An increasing number of tenders issued by public bodies are incorporating requirements into contracts awarded for suppliers to pay their staff the living wage. This is currently set at £8.55 per hour for those in London and £7.45 for those outside London. The national minimum wage is currently £6.19 per hour. A lot of companies have contacted me to ask whether public bodies can legally include this term within contracts.
The simple answer to this question is yes, they can. However, it is never that straightforward. Public bodies need to consider this on a case by case basis and the requirement should apply to all bidders equally. Further, the European Commission clarified this issue as far back as 2009, when it stated that “living wage conditions must concern only the employees involved in the execution of the relevant contract, and may not be extended to other employees of the contractor.” The requirement to pay the Living Wage should be clearly indicated either in the OJEU notice or the tender documentation, there should be no surprises at contract award stage.
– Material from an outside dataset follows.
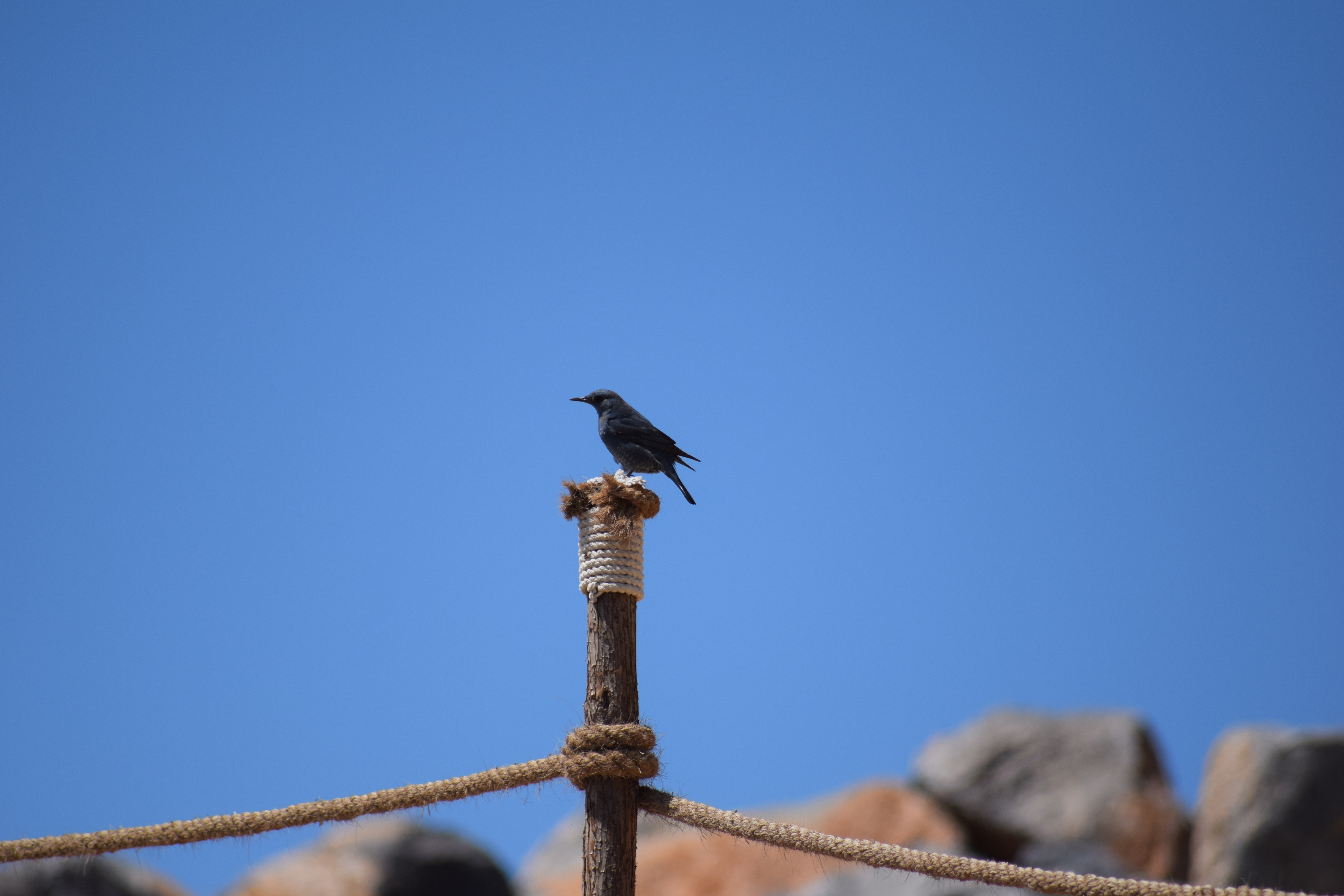 Jebel Jais-Blue Rock Thrush & Wheatears-13th March. content media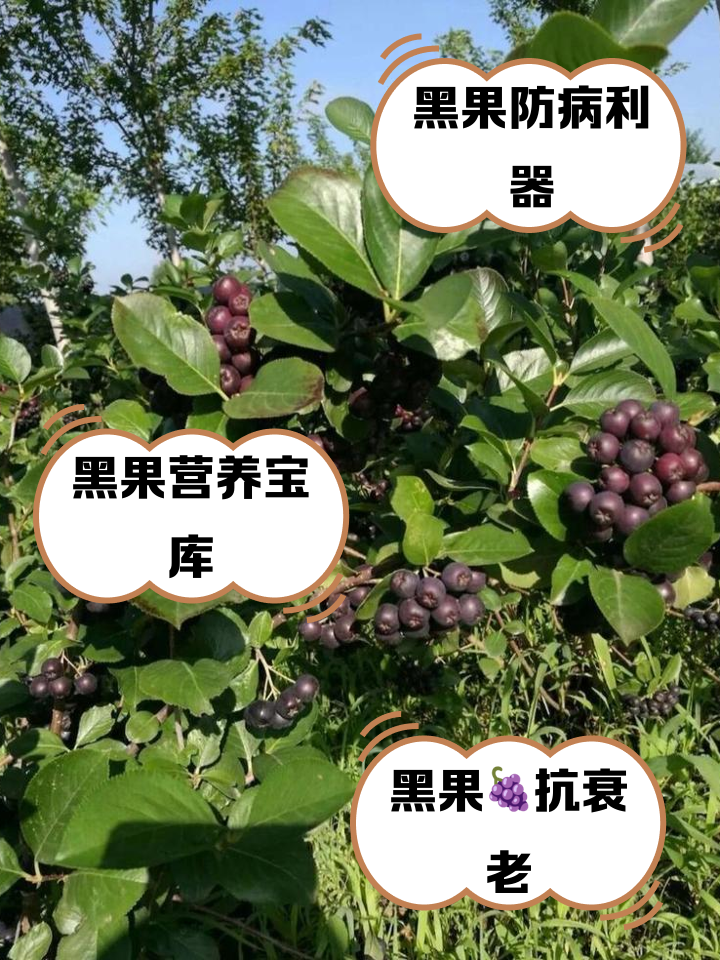 黑果腺肋花楸果-(黑果腺肋花楸果茶的功效)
The Living Wage Foundation has conducted research amongst those businesses who have committed to pay the living wage to determine the benefits. They include: staff leaving rates fell by 25%, 54% of employees felt more positive about their work place and companies stated that it had enabled them to attract new business and customers.
So, if you see a contract advertised with a living wage requirement, don’t dismiss it as out of hand. There are clear business benefits to paying the living wage, and it may increase your chances of securing new contract successes.